[[ RECORDED DATA open ]]

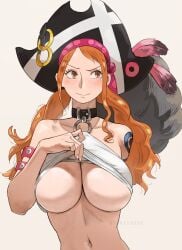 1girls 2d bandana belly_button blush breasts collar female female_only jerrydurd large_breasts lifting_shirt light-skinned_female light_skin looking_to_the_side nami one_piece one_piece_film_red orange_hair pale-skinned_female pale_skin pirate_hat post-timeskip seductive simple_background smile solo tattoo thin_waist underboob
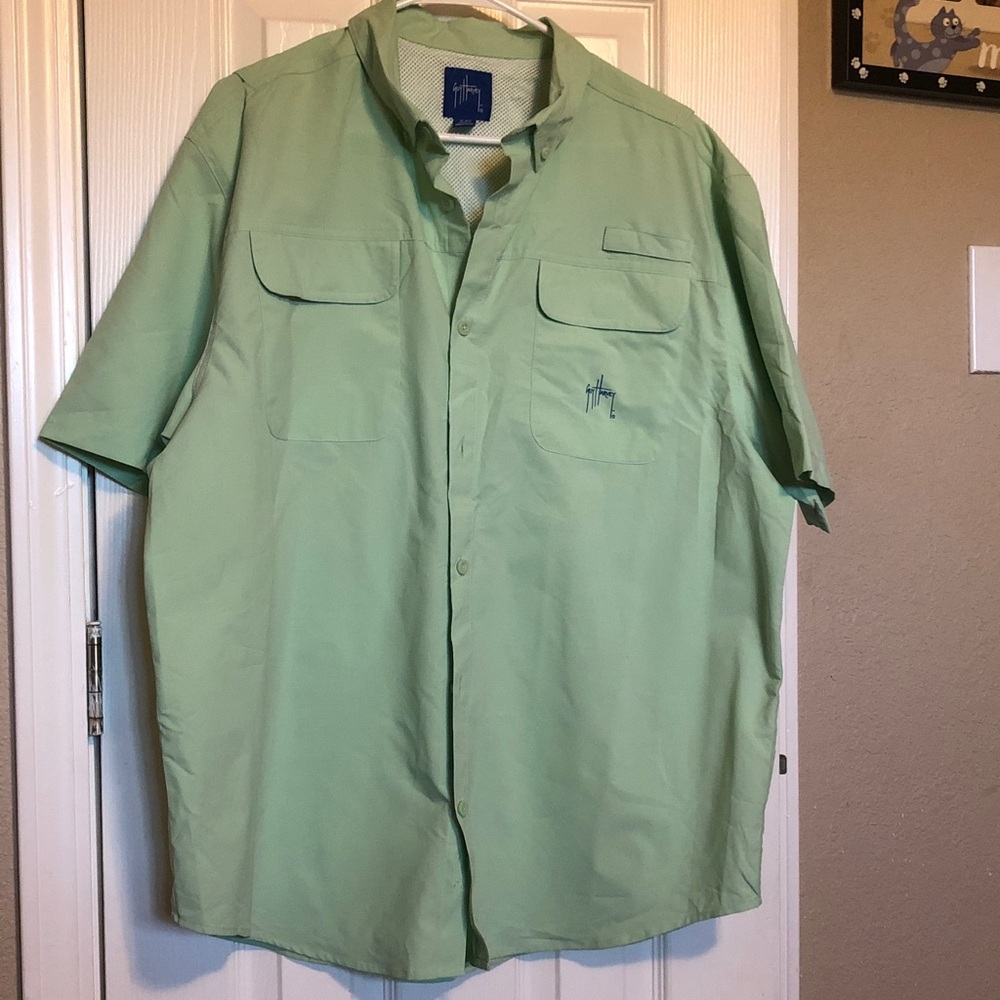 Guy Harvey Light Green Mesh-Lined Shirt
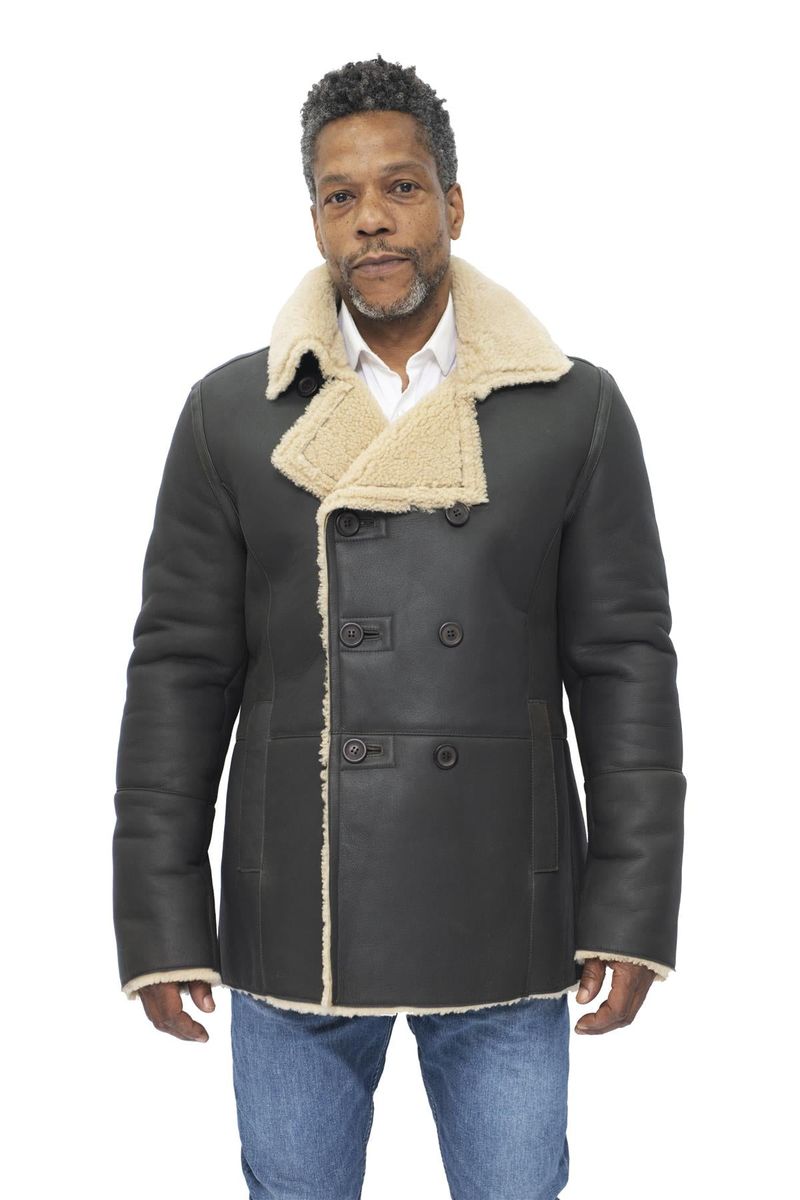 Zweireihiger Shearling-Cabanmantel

[[ RECORDED DATA closed ]]

** WHAT TO WORK ON **
Without the pictures, reproduce each line from the one containing "Guy Harvey Light Green Mesh-Lined Shirt" through the last line of the material above, both of those lines included.

** ANSWER SECTION **
 Guy Harvey Light Green Mesh-Lined Shirt
 Zweireihiger Shearling-Cabanmantel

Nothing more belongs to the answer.